PERSPECTIVAS NA REGENERAÇÃO PERIODONTAL COM A

TERAPIA DE CÉLULAS-TRONCO

Prospects in periodontal regeneration therapy with stem cells

Carlos Sardenberg 1 , Belisa Tellerman², Luiz Claudio Borges³, Joel Alves 4 , Renato Rocha 5 , Vítor Nunes 6 , Walter Augusto Soares

Machado 7

1

Cirurgião-dentista; Professor do curso de Especialização em Periodontia da Odontoclínica Central do Exército (OCEx); Mestrando em Clínica Odontológica pela UFF

2

Cirurgiã-dentista; Especialista em Periodontia pela Odontoclínica Central do Exército (OCEx);

3

Cirurgião-dentista; Doutor em Periodontia (UERJ); Professor do curso de Especialização da Odontoclínica Central do Exército (OCEx)

4

Cirurgião-dentista; Doutor em Periodontia (UERJ); Professor do curso de Especialização da Odontoclínica Central do Exército (OCEx)

5

Cirurgião-dentista; Mestrado em Periodontia pela UVA; Professor do curso de Especialização da Odontoclínica Central do Exército (OCEx)

6

Cirurgião-dentista; Professor do curso de Especialização em Periodontia da Odontoclínica Central do Exército (OCEx); Mestrando em Clínica Odontológica pela UFF

7

Livre Docente em Periodontia (Uerj), Professor Titular de Periodontia da Universidade Veiga de Almeida; Professor do curso de Especialização da Odontoclínica Central do Exército (OCEx)

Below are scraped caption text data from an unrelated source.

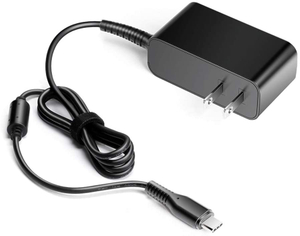 Wall Mount 45W USB-C PD Power Adapter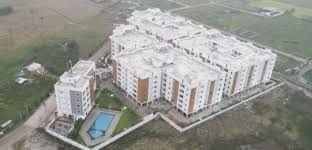 SLV Amaravati Grand II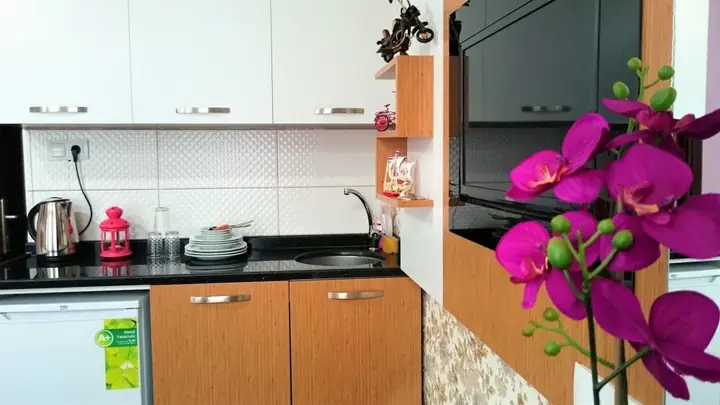 Стамбул: Grafen House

Recebimento: 16/07/12 - Correção: 01/08/12 - Aceite: 22/08/12

RESUMO

A estrutura e composição do periodonto são afetadas por muitas doenças adquiridas e hereditárias, e a mais

significante entre estas é a doença periodontal. Os requisitos principais para a engenharia tecidual é a incorporação de

um número adequado de células progenitoras reativas e à presença de níveis bioativos de marcadores químicos dentro

de uma matriz extracelular apropriada. A terapia com células-tronco é um tratamento que utiliza células-tronco, ou

células que vêm a partir de células-tronco, para substituir ou reparar as células de um paciente ou tecidos lesados. Os

recentes progressos na pesquisa com células-tronco e na engenharia tecidual prometem novas perspectivas para a

regeneração dos tecidos na prática odontológica do futuro, com a regeneração de um dente funcional e vivendo como

uma das mais promissoras estratégias terapêuticas para a substituição de um dente doente ou danificado.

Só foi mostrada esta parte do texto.